Hai sayang! Apa kabar? KANGEN GA? Aku sih b aja *dibuang. Ga deng. Aku kan selalu kangen kamu! (tambahin wang jajan ya. Okesip) 

Sebelumnya, terima kasih ya sudah memilihku, jadi aku juga bisa memilihmu. Jadi, kalau nanti anak-anak tanya, "Bu, kenapa mau sama ayah?" yaaa aku bakal lancar jawab, "Karena ayah milih ambu. Hehe..". Pada akhirnya, aku banyak-banyak bersyukur pada Tuhan karena diberi kesempatan untuk bertemu denganmu.

Kita sudah bahas panjang lebar tentang bagaimana pengaturan finansial kelak.
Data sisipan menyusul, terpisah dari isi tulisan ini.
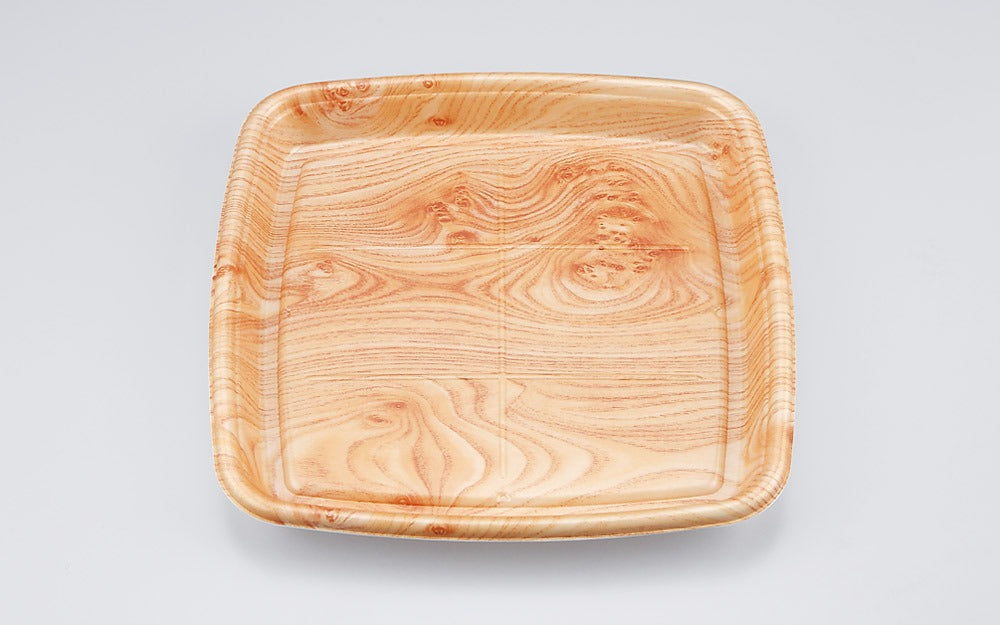 寿司桶 SF角浅桶2 にれ本体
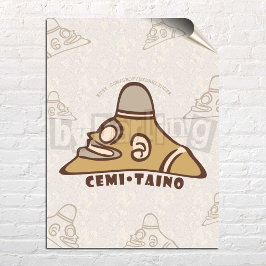 Cemi Taino Puerto Rico Wall Art Poster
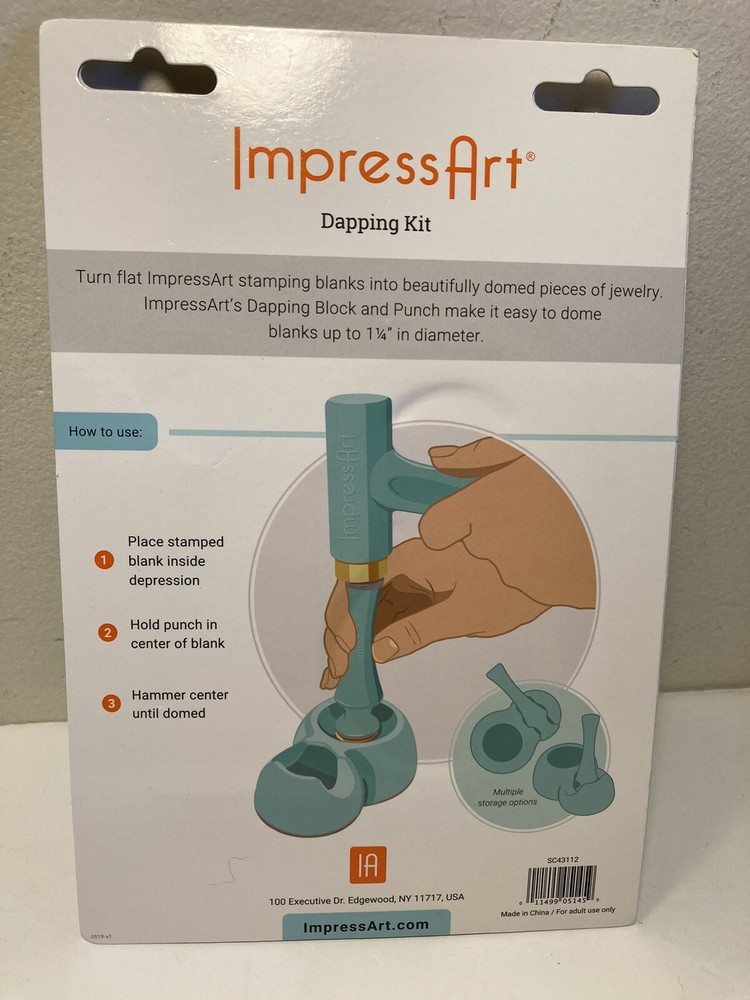 ImpressArt Dapping Kit Dapping Block and Punch New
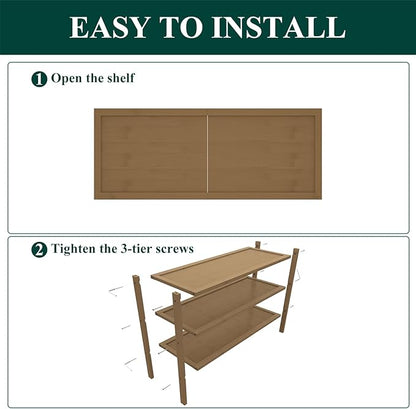 Smiry Bamboo Shoe Rack, 3 Tier Shoe Organizer for Entryway & Closet, Stackable Free Standing Storage Shelf for Shoes, Bags & Plants, Walnut
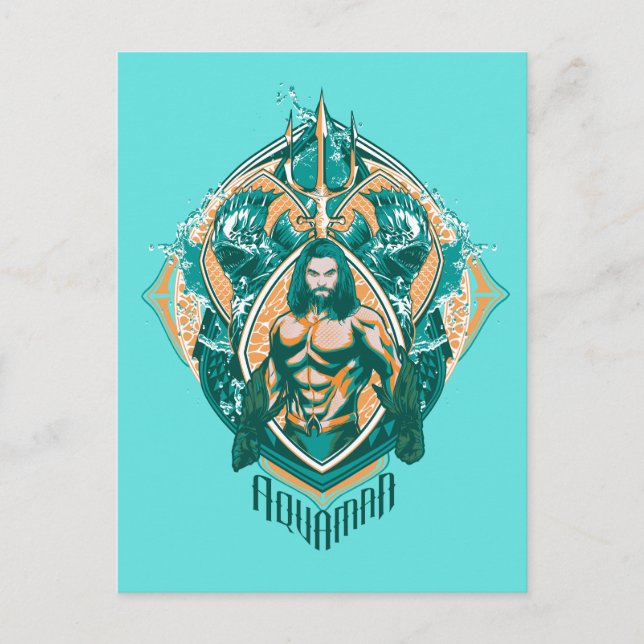 Aquaman | Aquaman & Trenchers Graphic Postcard (Front)
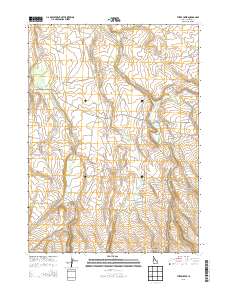 Three Creek 2013 topographic map thumbnail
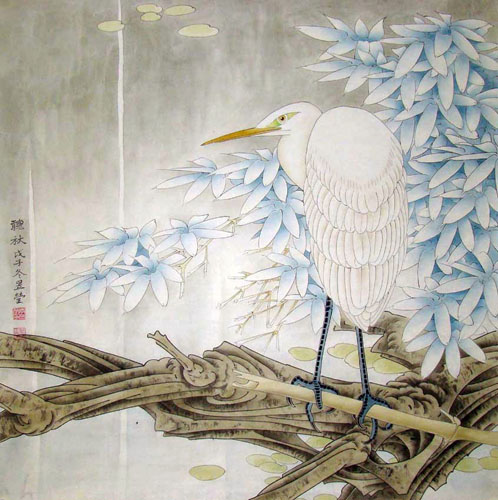 Egret,66cm x 66cm(26〃 x 26〃),2341001-z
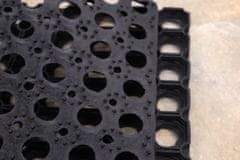 Vonkajší čistiaci rohožka guma Domino 17mm – na von aj na doma 40x60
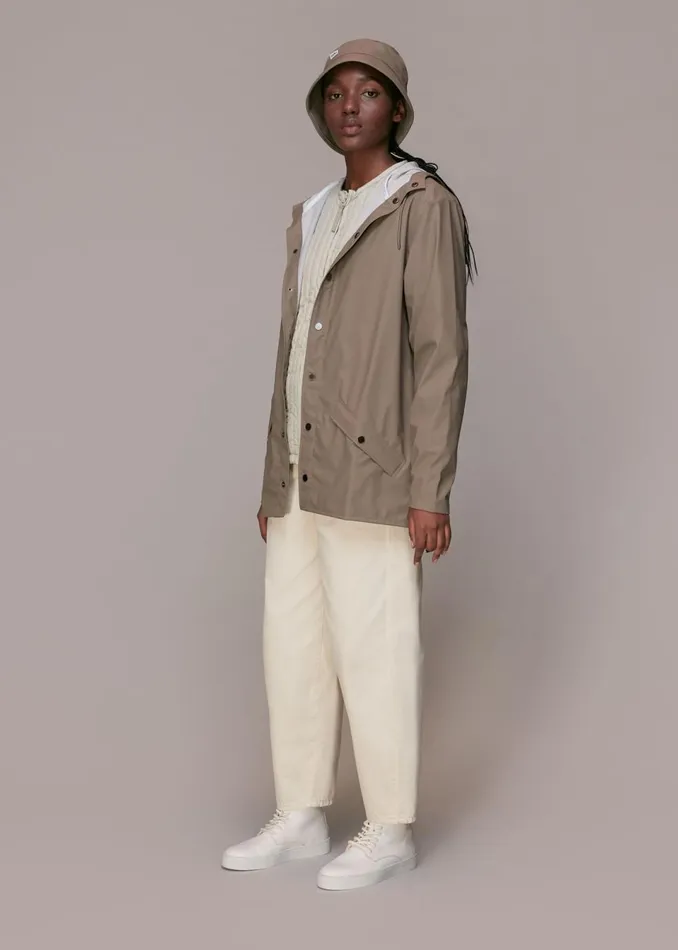 Women Coats and Jackets Whistles Grey Rains Zip Liner Jacket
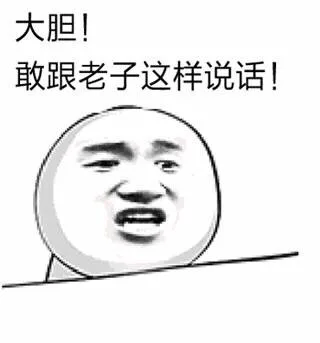 大胆！敢跟老子这样说话！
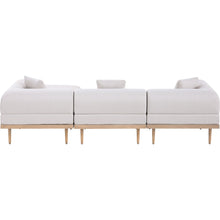 Laguna 106.5" Beige Water Resistant Fabric 4pc. Outdoor Modular Sectional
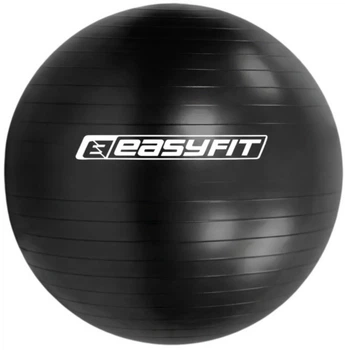 Мяч для гимнастики, фитнеса и баланса EasyFit BalanceBall 55 см Черный (56003824)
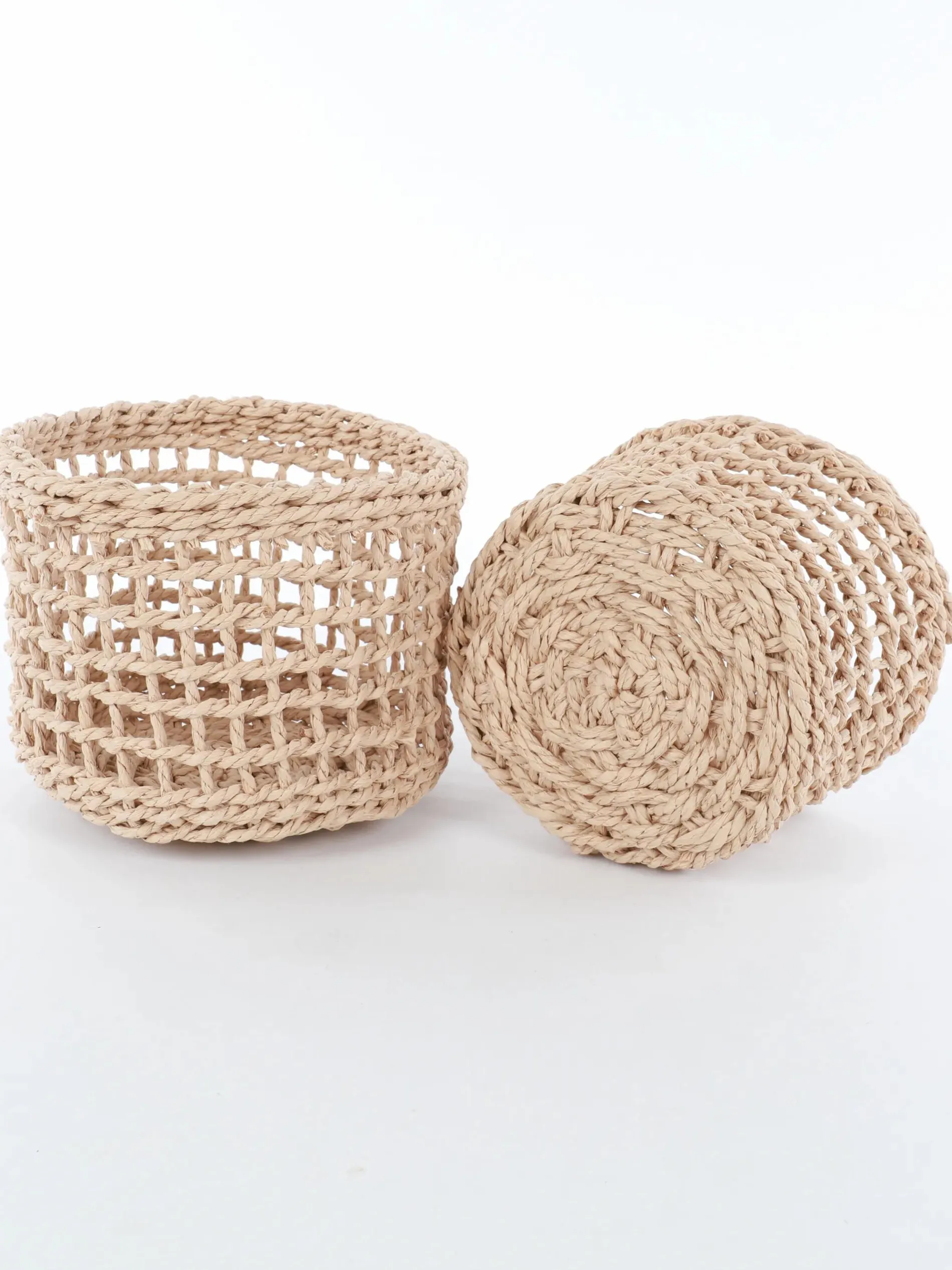 Naturkörbe im 2er Pack, 18x14cm und 16x12cm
Pusing ngga? Semoga ngga ya. Aku cuma ingin menerapkan nasihat teman-teman terdekatku yang sudah lebih dulu menikah. Pondasi rumah tangga itu kepercayaan dan keterbukaan, katanya. Jadi, karena hidup ini bukan lagi tentang aku atau kamu, semoga kesepakatan kita kemarin bisa sama-sama melegakan ya. 

Kamu tau persis aku seseorang yang sangat suka belajar. I'm a fast learner ceunah. Jika di kemudian hari aku ada kekeliruan, tegur aku ya. Kalau aku nanti cemberut setelah ditegur, gapapa, itu natural dan alamiah sekali, bung! Malah kalo aku langsung sumringah, kamu harus curiga! Hahaha. Kalau aku cemberut dan minta waktu sendiri, ketahuilah aku sedang mencoba berpikir jernih. Sediakan saja kamar (jangan ada handuk basah ya di kasur) buat aku menepi. Kedengarannya aku menangis? Gapapa. Itu mekanisme belajarku. Realize, relief, release. Kamu harus gimana? Keynote: aku suka dipeluk tapi ngga sambil dinasihatin. 

Berbicara soal nasihat, aku paham betul kamu terlahir untuk menjadi seorang pemimpin. Dengan adanya aku, kamu punya bibit pasukan yang ego dan gengsinya sedikit tinggi. Aku bisa melawan dan denial tanpa henti, tapi jika dijinakkan dengan cara yang tepat, aku itu bucin setengah mati (jangan senyum-senyum kamu 😒). Love language aku yang pertama: words of affirmation. Sebagaimana kata-kata bisa membahagiakan aku dengan amat sangat, ia juga bisa berubah jadi benda yang paling menyakitkan. Aku sudah cerita kan? Bagaimana aku dealing dengan trauma-trauma masa kecil yang ngga menyenangkan itu? Jika kamu punya issue yang sama, kita berjuang ya untuk tidak mewariskannya ke anak-anak. 

Mari kita bersepakat untuk diam sejenak jika emosi mulai menguasai. Aku yakin, kita sama-sama paham kalau emosi itu seperti api yang membakar habis kertas. Begitu reda, nothing useful left. Kita ambil me-time sejenak (kalau udah ada anak, aku izin titip mereka ke kakek-neneknya dulu ya. hehe), lalu kembali untuk membicarakan duduk perkara dengan kepala dingin. Meski nanti status kita sudah menjadi orang tua, ingatlah bahwa aku istrimu, kamu suamiku. Dua orang yang tadinya asing, lalu Tuhan izinkan garisnya bersisian untuk saling memahami dan mencintai tanpa tapi. Wajar 'kan kalau masih penyesuaian sana-sini, seperti yang pernah aku bilang, proses mengenal dan memahami itu berlangsung seumur hidup.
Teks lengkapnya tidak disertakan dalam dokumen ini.